The data comes from [kaggle](https://www.kaggle.com/datasets/pablohfreitas/all-premier-league-matches-20102021).

In [None]:
#  not sure if that will be necessary, but just in case
features_dictionary = (
    pd.read_csv(
        "../data/input/data_dictionary.txt", sep=":", skipinitialspace=True, header=None
    )
    .applymap(lambda x: x.strip())
    .set_index(0)
    .to_dict()[1]
)

In [None]:
premiership_data = (
    pd.read_csv(
        "../data/input/df_full_premierleague.csv", index_col=0, parse_dates=["date"]
    )
    .drop(columns=["link_match"])  # unnecessary
    .sort_values(["season", "date"])
)

In [None]:
premiership_data.head()

In [None]:
premiership_data.shape

## Data pre-processing

Since we are looking for predictions for **future** matches, we need to stick only to variables that relate to the past performances of a given team. Hence, we will not be using features that apply to the current match. 

In [None]:
X_fields = [
    k for k, v in features_dictionary.items() if "accumulated until the last match" in v
]
technical_fields = [
    "season",
    "date",
    "home_team",
    "away_team",
    "result_full",
    "result_ht",
]

In [None]:
premiership_data = pd.concat(
    [
        premiership_data[technical_fields].reset_index(drop=True),
        premiership_data[X_fields].reset_index(drop=True),
    ],
    axis=1,
)

Now, we want to make sure that we will be using only the data that has ALL the features that we want to utilize. The features we are oriented at are aggregations and there is no value for them if a team plays their first home or away match during given season. So we will discard all the matches where this data is unavailable. In most cases, those will two first matches during the season (one home and one away). On rare occasions, it may happen that more matches will be discarded, since it is theoretically possible that the first two (or more) games of a given team were home- or away-only matches.

In [None]:
premiership_data = premiership_data.dropna(how="any", subset=X_fields)

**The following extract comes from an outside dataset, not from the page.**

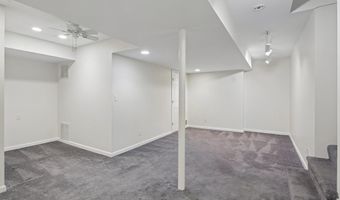 5719 NEWINGTON Rd, Bethesda, MD 20816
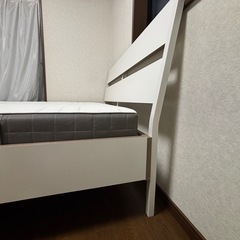 ダブルベッド（フレーム＋マットレス）お譲りしますの画像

To check that, we can calculate the number of matches played by a team during the season. Premiership consists of 38 game series (also called matchweeks) so, if no hiccups were experienced during the season, a team should occur 36 times in our dataset (38 - first home game - first away game).

In [None]:
num_games = pd.concat(
    [
        premiership_data.groupby(["season", "home_team"])["result_full"]
        .count()
        .reset_index()
        .rename(columns={"home_team": "team"}),
        premiership_data.groupby(["season", "away_team"])["result_full"]
        .count()
        .reset_index()
        .rename(columns={"away_team": "team"}),
    ],
    axis=0,
).rename(columns={"result_full": "games_played"})
num_games = num_games.groupby(["season", "team"])["games_played"].sum()

In [None]:
plot_data = num_games.groupby("season").value_counts().rename("count").reset_index()

(
    pln.ggplot(data=plot_data, mapping=pln.aes(x="games_played", y="count"))
    + pln.geom_bar(stat="identity")
    + pln.facet_wrap("~season")
    + pln.labs(
        x="Games played (in the dataset)",
        y="",
        title="Number of games in the dataset per season played by given team",
    )
    + pln.theme_bw()
    + pln.theme(figure_size=(12, 10))
)

We see that in majority of cases, the teams in the dataset indeed played 36 games (so all that we could expect, given that two games of each team needed to be discarded due to lack of data). But at times it happens that there are less than 36 games in the dataset. For instance, in season 16/17, Chelsea and Leicester City have only 35 records. Leicester City played an away fixture vs. Liverppol in the 4th series, but Liverpool played only away games up to this point, so there have no record of home performance up to this point. Chelsea faced Burnley at home in the 3rd series, but Burnley played only away games up to this moment. Hence no away indicators for them.

The interesting thing is with season 20/21. There are (comparably) very few games played by all the teams. It's because the data for this season ends in March, whereas the season's last matchweek occurred on the 23rd of May '21, so we see why the data is missing. This, however, shouldn't jeopardize the analysis, so we will not remove this incomplete season.

TODO: Scrap the rest of the 20/21 season and potentially even 21/22.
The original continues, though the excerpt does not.